The Aggressive Christianization of China [and what to do about it]

SHANGHAI (The East-West Writer)—Few people know what Confucius is - not who but what.

The ancient teacher is known by many names; he’s King Kung, Master Kong or just K’ung Fu-tzu. But unlike the biblical Saint Nicholas, alias Santa Claus, Confucius isn’t a Christian saint but a Chinese sage; more correctly: Confucius a shengren.

The shengren of Confucianism (there are hundreds of them) - like the buddhas of Buddhism - are un-European. They cultivate the ideal personality and become the highest members in the family-based Chinese value tradition.

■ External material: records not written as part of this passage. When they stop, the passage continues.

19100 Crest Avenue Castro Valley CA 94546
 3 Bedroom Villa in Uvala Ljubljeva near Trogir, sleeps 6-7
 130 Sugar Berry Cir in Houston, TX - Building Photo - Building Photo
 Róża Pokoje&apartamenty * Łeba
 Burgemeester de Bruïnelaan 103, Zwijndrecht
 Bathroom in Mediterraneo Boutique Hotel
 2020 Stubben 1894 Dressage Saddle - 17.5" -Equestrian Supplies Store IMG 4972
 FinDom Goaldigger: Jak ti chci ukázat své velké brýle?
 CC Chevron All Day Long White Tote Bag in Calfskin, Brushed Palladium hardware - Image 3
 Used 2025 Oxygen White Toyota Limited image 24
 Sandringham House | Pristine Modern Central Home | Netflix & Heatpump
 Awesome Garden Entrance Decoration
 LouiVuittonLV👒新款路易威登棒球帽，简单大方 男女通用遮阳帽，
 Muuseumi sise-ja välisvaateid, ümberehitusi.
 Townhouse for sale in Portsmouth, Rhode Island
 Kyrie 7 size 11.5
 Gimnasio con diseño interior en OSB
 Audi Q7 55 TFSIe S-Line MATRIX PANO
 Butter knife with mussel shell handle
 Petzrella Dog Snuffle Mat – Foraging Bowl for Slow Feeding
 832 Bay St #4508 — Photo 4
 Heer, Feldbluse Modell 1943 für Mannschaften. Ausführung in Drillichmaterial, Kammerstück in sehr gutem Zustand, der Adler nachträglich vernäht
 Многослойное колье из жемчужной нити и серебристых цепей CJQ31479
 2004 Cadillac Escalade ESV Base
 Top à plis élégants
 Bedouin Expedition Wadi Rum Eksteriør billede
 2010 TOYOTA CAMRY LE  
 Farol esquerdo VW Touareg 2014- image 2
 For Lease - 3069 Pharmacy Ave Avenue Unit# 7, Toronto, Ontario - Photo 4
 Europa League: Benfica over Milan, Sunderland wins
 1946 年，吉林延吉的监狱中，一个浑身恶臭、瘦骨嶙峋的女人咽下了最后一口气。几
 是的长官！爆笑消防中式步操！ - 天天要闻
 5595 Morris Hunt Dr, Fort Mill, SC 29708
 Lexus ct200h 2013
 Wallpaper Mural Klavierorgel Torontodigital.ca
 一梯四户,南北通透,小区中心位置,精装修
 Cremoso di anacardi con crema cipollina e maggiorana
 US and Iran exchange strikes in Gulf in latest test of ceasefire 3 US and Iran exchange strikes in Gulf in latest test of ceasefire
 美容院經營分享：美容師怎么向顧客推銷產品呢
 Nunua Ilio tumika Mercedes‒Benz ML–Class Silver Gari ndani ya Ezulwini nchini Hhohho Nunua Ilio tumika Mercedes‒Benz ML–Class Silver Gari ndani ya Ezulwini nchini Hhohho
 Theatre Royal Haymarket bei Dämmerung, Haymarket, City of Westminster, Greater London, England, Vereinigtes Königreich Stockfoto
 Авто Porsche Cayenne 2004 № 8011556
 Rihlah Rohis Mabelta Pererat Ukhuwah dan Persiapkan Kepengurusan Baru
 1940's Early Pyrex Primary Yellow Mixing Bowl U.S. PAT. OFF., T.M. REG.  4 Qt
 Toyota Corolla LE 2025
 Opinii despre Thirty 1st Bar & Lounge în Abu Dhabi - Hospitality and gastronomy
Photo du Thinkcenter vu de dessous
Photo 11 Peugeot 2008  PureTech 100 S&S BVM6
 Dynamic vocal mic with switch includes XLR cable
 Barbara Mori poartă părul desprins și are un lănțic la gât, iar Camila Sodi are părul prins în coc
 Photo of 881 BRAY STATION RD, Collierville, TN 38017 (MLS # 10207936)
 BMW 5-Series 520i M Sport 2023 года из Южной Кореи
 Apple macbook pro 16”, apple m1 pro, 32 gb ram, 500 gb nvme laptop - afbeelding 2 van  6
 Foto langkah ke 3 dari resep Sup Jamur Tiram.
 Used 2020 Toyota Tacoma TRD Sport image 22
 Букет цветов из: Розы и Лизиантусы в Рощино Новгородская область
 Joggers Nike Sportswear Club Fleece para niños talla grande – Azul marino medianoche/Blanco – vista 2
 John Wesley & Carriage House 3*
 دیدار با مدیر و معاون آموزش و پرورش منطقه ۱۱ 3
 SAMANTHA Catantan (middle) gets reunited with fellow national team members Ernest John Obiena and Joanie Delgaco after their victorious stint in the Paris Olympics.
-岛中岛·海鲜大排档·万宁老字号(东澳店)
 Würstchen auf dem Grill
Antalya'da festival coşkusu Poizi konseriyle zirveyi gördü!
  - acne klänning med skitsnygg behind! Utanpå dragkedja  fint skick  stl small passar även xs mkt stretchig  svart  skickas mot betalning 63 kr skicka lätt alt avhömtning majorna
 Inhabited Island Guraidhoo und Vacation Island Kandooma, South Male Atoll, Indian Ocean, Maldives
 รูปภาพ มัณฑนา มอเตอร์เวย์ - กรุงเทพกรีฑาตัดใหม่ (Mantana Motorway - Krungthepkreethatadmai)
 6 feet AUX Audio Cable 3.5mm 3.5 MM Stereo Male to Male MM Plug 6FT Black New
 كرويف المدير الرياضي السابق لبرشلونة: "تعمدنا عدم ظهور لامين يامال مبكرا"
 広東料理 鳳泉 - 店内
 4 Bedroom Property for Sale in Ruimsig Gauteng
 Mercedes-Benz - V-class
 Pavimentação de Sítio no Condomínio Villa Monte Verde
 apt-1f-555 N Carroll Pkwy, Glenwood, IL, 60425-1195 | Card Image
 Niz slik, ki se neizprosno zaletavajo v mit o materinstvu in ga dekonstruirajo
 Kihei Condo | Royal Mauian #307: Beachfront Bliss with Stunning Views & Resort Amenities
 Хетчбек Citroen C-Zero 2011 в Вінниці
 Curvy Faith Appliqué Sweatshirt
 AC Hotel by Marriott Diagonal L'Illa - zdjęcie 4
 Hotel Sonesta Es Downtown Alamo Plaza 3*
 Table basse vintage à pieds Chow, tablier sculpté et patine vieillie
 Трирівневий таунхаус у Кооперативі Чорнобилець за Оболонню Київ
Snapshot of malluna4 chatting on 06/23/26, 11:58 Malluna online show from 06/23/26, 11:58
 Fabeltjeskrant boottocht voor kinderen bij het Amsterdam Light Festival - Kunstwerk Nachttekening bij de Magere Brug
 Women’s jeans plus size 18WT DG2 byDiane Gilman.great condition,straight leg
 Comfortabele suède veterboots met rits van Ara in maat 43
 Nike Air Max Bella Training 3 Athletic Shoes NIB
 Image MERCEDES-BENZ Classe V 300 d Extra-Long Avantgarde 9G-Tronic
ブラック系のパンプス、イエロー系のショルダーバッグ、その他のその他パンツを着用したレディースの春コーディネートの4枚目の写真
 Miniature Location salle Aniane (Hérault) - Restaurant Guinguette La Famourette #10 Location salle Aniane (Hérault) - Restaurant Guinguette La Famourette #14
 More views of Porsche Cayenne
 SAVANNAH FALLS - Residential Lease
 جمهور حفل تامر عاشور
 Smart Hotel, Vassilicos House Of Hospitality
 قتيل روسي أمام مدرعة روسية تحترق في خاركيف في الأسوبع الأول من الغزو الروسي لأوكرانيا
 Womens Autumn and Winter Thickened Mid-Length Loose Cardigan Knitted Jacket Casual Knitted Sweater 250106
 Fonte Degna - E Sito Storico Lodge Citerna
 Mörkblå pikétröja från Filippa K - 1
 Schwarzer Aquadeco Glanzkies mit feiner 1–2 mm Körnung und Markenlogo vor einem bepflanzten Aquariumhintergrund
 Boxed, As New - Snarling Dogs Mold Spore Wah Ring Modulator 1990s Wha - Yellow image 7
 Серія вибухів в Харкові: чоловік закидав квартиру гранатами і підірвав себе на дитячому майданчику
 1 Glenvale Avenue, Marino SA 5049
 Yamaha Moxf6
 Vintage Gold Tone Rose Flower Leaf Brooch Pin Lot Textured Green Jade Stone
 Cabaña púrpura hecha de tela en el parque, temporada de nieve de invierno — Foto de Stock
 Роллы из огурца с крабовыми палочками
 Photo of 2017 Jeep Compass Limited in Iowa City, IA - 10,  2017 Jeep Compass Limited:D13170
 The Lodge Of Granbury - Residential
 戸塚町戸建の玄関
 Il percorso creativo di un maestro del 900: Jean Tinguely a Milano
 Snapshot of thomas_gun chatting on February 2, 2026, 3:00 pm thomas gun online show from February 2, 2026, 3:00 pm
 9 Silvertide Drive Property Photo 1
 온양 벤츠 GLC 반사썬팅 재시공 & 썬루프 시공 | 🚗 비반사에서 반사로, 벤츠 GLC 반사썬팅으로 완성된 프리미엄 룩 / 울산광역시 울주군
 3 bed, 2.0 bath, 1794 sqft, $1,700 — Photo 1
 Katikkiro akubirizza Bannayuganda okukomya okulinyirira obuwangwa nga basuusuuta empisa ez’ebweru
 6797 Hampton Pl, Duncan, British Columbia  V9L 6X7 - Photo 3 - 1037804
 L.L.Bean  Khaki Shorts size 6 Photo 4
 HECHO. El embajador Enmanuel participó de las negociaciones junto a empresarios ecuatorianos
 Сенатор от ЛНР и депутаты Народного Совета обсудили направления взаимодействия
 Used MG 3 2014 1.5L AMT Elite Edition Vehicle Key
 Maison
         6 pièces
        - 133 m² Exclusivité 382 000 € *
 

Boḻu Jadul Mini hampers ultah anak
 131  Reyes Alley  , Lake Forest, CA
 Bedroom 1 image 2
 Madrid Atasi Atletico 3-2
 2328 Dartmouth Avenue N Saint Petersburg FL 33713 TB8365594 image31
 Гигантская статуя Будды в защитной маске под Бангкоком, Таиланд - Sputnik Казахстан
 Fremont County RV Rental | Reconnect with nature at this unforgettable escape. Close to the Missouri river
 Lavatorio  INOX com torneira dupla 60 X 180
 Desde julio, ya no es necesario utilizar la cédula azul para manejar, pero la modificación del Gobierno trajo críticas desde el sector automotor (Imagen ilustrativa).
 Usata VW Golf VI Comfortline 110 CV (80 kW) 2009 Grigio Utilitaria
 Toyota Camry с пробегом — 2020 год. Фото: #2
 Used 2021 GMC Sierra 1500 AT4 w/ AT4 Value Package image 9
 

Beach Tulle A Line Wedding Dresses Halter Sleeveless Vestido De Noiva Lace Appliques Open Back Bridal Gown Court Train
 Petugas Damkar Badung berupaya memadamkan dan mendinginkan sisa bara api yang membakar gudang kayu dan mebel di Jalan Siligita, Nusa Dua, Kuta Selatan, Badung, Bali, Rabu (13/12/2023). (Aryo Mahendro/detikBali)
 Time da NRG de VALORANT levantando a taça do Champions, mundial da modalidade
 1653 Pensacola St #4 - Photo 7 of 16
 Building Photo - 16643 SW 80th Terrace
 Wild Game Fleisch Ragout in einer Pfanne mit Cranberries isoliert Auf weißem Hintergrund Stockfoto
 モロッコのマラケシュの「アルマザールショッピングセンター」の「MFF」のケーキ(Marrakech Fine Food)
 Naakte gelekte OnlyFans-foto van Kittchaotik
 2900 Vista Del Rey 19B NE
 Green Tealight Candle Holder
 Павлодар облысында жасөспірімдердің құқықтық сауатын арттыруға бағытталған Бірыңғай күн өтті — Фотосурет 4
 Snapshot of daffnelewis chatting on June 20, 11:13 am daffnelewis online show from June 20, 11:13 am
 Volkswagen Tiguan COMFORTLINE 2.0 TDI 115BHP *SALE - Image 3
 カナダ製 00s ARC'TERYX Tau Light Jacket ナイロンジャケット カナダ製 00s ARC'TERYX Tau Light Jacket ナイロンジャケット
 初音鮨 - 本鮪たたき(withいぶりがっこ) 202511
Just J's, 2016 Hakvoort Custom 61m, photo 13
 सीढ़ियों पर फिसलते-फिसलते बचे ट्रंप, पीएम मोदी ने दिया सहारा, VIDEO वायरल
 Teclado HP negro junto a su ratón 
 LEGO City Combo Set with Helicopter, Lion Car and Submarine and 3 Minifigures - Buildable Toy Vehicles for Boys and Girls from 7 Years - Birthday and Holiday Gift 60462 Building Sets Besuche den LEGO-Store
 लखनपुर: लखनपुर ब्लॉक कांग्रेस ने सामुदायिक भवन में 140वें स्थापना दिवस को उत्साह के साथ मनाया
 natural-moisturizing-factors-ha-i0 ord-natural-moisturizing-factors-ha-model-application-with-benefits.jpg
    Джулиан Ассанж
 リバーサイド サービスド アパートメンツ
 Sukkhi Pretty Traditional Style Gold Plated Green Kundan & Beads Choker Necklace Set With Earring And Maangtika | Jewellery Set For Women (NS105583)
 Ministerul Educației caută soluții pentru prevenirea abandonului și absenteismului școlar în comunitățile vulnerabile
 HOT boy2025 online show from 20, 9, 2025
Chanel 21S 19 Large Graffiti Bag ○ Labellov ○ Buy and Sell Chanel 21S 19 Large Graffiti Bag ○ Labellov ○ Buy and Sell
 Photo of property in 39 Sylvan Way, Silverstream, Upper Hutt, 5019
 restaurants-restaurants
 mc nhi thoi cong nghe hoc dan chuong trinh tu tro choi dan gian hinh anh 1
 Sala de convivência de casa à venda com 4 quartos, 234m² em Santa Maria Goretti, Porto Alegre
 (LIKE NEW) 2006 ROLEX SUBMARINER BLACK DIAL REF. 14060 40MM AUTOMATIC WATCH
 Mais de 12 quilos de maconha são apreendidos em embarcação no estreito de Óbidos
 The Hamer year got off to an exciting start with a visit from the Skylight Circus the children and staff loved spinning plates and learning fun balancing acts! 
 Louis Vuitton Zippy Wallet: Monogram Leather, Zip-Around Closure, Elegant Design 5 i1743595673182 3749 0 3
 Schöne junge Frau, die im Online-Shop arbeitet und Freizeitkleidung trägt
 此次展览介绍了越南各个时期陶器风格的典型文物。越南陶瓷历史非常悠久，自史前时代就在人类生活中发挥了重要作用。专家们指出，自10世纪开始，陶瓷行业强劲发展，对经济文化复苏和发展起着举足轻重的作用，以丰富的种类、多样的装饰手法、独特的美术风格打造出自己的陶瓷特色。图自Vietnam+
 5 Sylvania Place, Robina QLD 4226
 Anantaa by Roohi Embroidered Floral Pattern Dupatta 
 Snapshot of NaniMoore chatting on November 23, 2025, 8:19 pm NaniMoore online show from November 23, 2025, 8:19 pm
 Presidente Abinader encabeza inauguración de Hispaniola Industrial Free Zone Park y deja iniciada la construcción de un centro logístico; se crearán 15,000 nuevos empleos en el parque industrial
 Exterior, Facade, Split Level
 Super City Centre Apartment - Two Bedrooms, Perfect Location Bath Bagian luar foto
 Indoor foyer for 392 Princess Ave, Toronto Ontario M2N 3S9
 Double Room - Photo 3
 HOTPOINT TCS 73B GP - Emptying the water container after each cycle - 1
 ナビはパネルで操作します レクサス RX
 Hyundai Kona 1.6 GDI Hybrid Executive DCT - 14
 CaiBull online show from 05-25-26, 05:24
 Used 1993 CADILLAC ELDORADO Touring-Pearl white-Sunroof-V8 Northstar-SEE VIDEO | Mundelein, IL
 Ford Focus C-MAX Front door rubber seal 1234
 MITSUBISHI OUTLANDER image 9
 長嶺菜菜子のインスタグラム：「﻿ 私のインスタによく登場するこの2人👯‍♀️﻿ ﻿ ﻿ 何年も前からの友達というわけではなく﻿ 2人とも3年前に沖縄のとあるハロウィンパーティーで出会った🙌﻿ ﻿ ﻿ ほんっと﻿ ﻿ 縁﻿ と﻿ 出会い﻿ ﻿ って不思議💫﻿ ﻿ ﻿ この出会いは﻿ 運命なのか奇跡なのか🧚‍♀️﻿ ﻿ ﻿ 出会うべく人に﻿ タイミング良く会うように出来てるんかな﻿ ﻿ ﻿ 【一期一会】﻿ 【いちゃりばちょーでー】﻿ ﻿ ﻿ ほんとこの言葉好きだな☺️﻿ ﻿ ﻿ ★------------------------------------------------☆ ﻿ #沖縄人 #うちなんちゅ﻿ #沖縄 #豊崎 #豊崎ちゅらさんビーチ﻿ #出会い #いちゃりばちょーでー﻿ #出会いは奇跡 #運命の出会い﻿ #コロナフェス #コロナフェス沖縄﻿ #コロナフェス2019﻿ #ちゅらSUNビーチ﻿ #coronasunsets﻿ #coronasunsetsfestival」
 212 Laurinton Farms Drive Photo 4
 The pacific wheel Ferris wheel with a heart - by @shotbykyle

Yet, even in China, there are only a handful of scholars who know about shengren. That’s because shengren, this word and concept, has been carefully removed from the history of thought. To the Western missionaries in the 17th century and thereafter, Confucius was erroneously believed to idolize the Christian God, and thus ought to be a true “saint,” just like, say, our Western Saint Jerome or Saint Benedict.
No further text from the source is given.